Что такое радикальное прошлое?
Память более эластична, чем история, поскольку она не является чем-то стабильным или устоявшимся. Скорее, это момент, отношение и реакция на репрезентацию прошлого, которая происходит в настоящем. Каждый раз, когда память переделывается, она становится активной: реактивированным участком сознания, таким, что "это воображаемая реконструкция, или конструкция, построенная из отношения нашего отношения к целой активной массе организованных прошлых реакций или опыта" (Bartlett 1932, p. 213; Brown and Hoskins 2010). Таким образом, воспоминание - это динамичный, образный и, как ни странно, важный аспект того, что значит жить в настоящем. Как таковая, память всегда новая и постоянно возникающая, формирующаяся под влиянием того, что происходит вокруг нас.

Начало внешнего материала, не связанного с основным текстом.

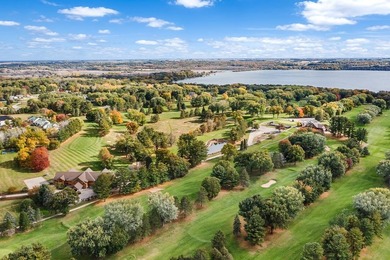 Unit 10 - Expansive Living with Golf Course Views With 2,410 sq - photo 46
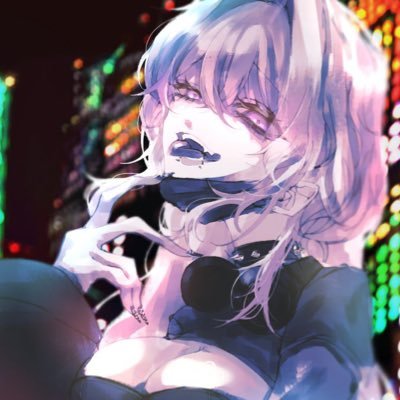 VRchat用アカウント|2024年11月2日〜 ︎ |︎︎ 所持⇢墨惺 キリセ まるまるねこちゃん りりか 森羅 水瀬 ミルフィ ミルティナ|cast⇢ #まるもふカフェ 🐱 #PinQ #Ledlam #懺悔シスターズ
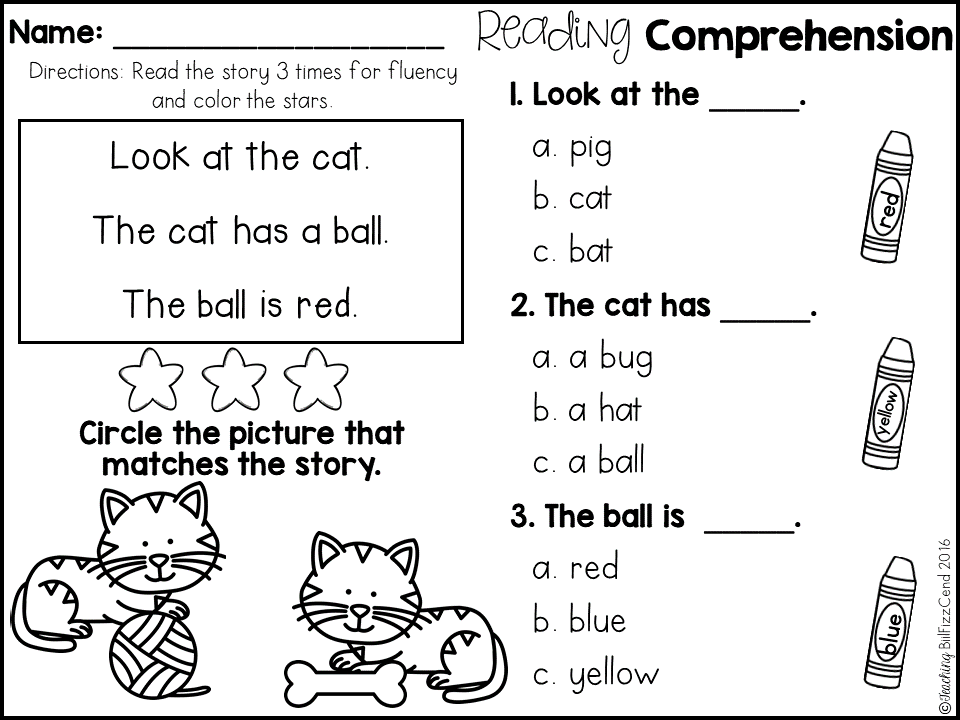 Make reading first. Worksheets чтение. Чтение Worksheets for Kids. Reading Comprehension. Чтение i Worksheets.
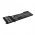 Helyettes�t� laptop Akkumul�tor HP Omen 15-5000NW RR04XL 3800mAh 57.76Wh 15.2V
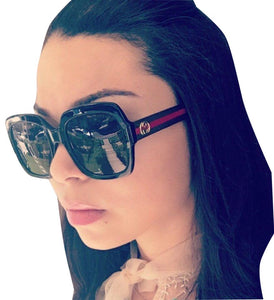 gucci sunglasses 0036s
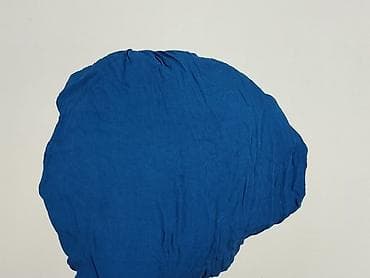 koszula comen: House of Denim, Sukienka damska, rozmiar M — 6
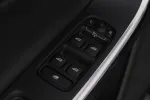 Volvo V60 INN-196 carousel thumbs
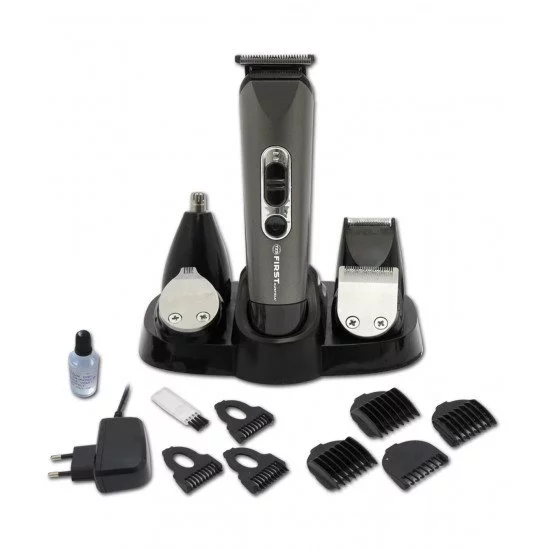 Image FIRST 005676-4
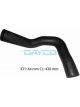 Dayco Moulded Radiator Hose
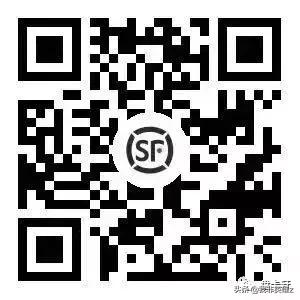 如何获得顺丰快递优惠,2020快递寄件优惠券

Однако проблема, когда речь идет о памяти, заключается в том, что она сразу же растворяется в бесчисленном множестве модификаторов. Действительно, некоторые утверждают, что существительное память в единственном числе не имеет смысла без такого модификатора. Следовательно, память всегда является личной, культурной или коллективной (Roediger and Wertsch 2008, p. 10). Другие предпочитают использовать альтернативные термины, особенно в отношении памяти о войне. Американский историк Джей Уинтер, например, предпочитает термин "воспоминание" термину "память", а философ Элько Руниа утверждает, что существуют "два различных подхода к прошлому, но вместо "истории" и "памяти" полюса этой оппозиции следует называть "историей" и "памятью"" (Runia 2014, p. 4).
Будь то память или воспоминание, но если импульсом является память, то Дэвид Ловенталь предлагает жизненно важное руководство для нынешнего оппозиционного состояния общественного отношения к прошлому. Первый акт - это обращение к прошлому как к убежищу, "как противоядие от нынешних разочарований и будущих страхов" (Lowenthal 2012, p. 2). Второй - это вечное проживание в настоящем, в котором "прошлое имеет все меньшую значимость для жизни, движимой сегодняшними лихорадочными требованиями и удовольствиями". Это обусловлено "склонностью к сенсорным компьютерным играм в сочетании с синдромом дефицита внимания и гиперактивности, что говорит о том, что здесь и сейчас доминируют сырые ощущения" (Lowenthal 2012, p. 2). Обе эти установки объединяет потеря внимания из-за перегрузки.